In what sense does it matter?

Corporations such as google have legal and financial centers all over the world and these will be structured towards providing the best circumstances for the corporation (tax, legal).

On the other hand, don't all these corporations have data centers all over, that replicate data to provide a better service? Which is to say that pretty much most data is available to all legal jurisdictions. At least as I understand it..

[8ytecoder]

I don’t think it has been tested in court. It’s akin to a U.S. Court issuing a search warrant on a house in Paris.

[moontear]

Yes, it has been tested: https://amp.theguardian.com/technology/2015/sep/09/microsoft...

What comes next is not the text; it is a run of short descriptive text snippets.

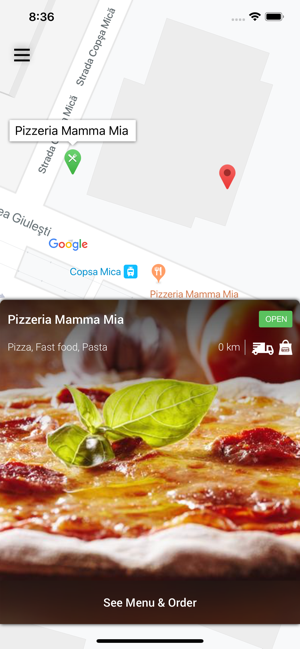 Pizzeria Mamma Mia(圖2)-速報App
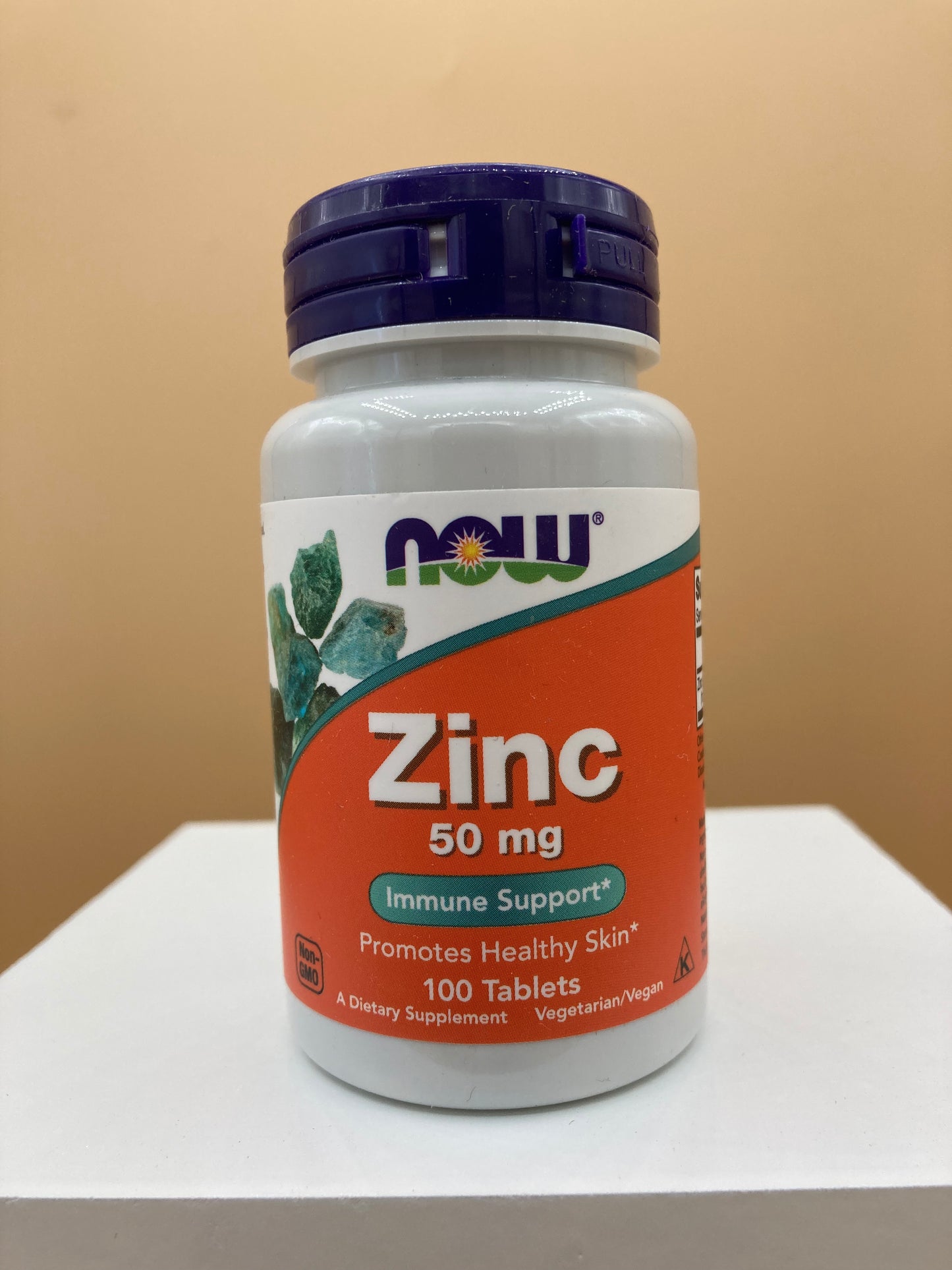 EE NOW Zinc Gluconate 50mg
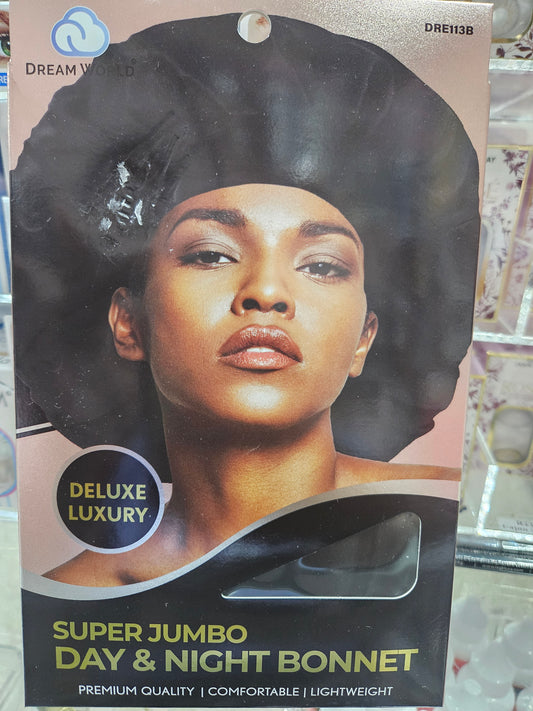 Dream world super jumbo day n night bonnet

And that’s exactly what it would be like, though the house in Paris would be owned by a company that has a legal entity in the United States.

[Gwypaas]

Which is exactly what happened and is causing this mess.

https://en.wikipedia.org/wiki/CLOUD_Act

No problem at all with GDPR and third countries. They simply need to have a regulatory framework making compliance possible.

https://www.imy.se/en/organisations/data-protection/this-app...

[GekkePrutser]

The problem is that frameworks we have with the US keep being shot down by the EU judiciary. First Safe Harbor and now Privacy Shield. For good reason I might add.